Renzo, Buratti non aveva particolarmente brillato nemmeno tra gli juniores.

«Vado a memoria: in due anni vinse una sola gara in Austria. Noi eravamo presenti perché nell’arco del fine settimana avrebbero corso tutte le categorie, dilettanti e professionisti compresi. Lo vedemmo trionfare e ci dicemmo: forse qualcosa si sta muovendo. Però è corretto quello che hai detto: davanti a Buratti c’erano almeno altri trenta o quaranta juniores».

Poi, al primo anno tra gli Under 23, ha scelto il Pedale Scaligero. Perché non voi?

«Perché ormai avevamo già completato l’organico. Così decidemmo di appoggiarci al Pedale Scaligero, una formazione con cui collaboriamo da tempo. In quella stagione, era il 2020, vinse una gara nelle Marche e raccolse qualche piazzamento. Lo seguiva già Andrea Fusaz, uno dei nostri direttori sportivi nonché preparatore del Ctf Lab».

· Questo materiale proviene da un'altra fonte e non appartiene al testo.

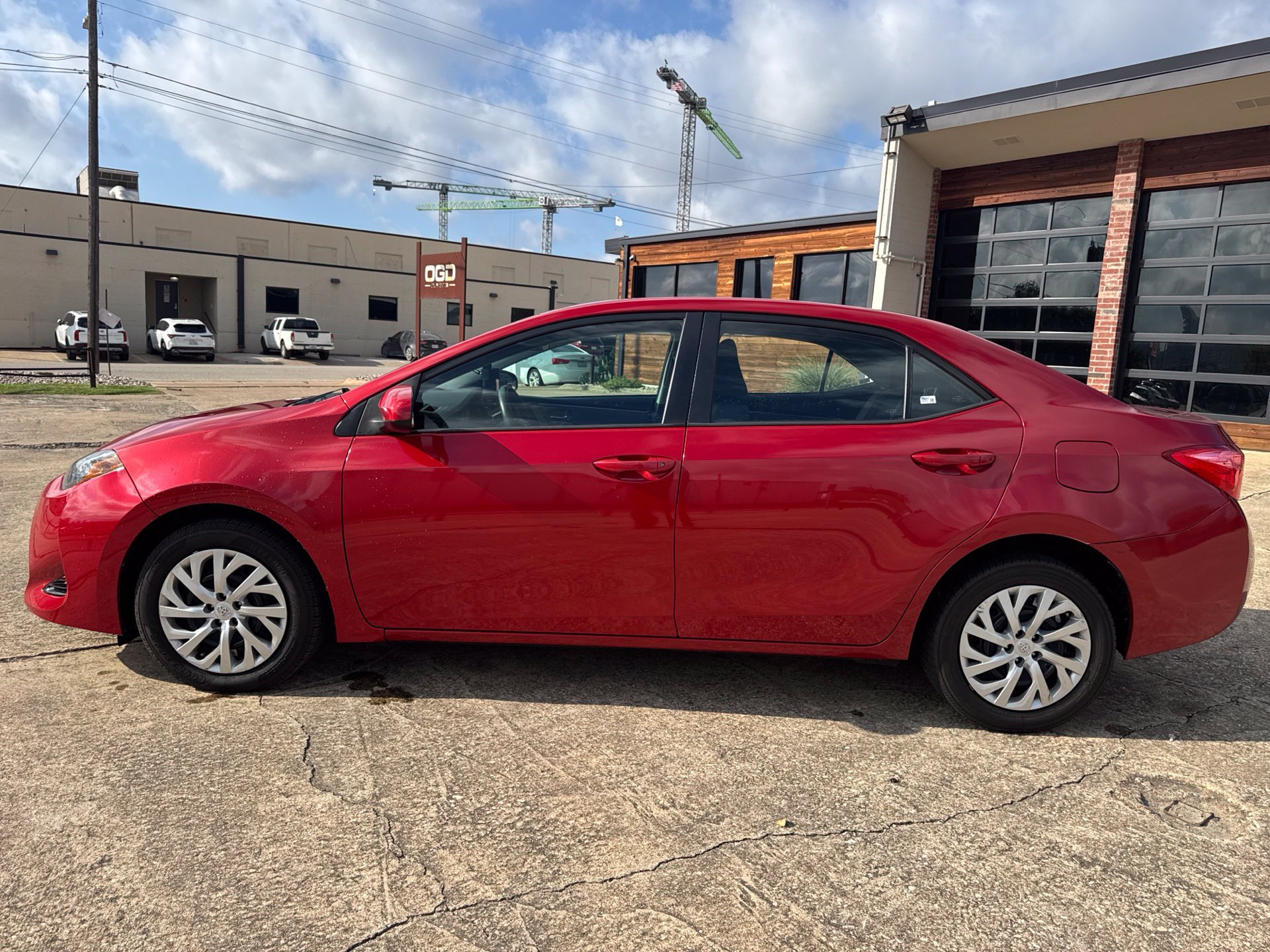 Used 2018 Toyota Corolla LE w/ Carpet Mat Package (TMS) FWD image 8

Dopodiché, nel 2021, è entrato a far parte del Cycling Team Friuli.

«Finché si parla di prestazioni, il corridore c’era già lo scorso anno. Gli mancavano i risultati, che non è poco, attenzione: ma chi possiede un minimo d’intuito ed esperienza poteva già accorgersi del suo valore. Al Giro, ad esempio, chiuse quattro tappe tra il quinto e il decimo posto. Vinceva sempre la volata del gruppo, ma ormai la fuga era arrivata. Forse, in quella situazione, gli è mancata una squadra forte come quella di quest’anno in grado di tenere chiusa la corsa».

Prestigio
L’arrivo di Nicolò Buratti a Poggiana, prova del Prestigio, davanti a Federico Guzzo (foto: Photors.it)

Quest’anno, infine, ha fatto il salto di qualità che tanti gli chiedevano.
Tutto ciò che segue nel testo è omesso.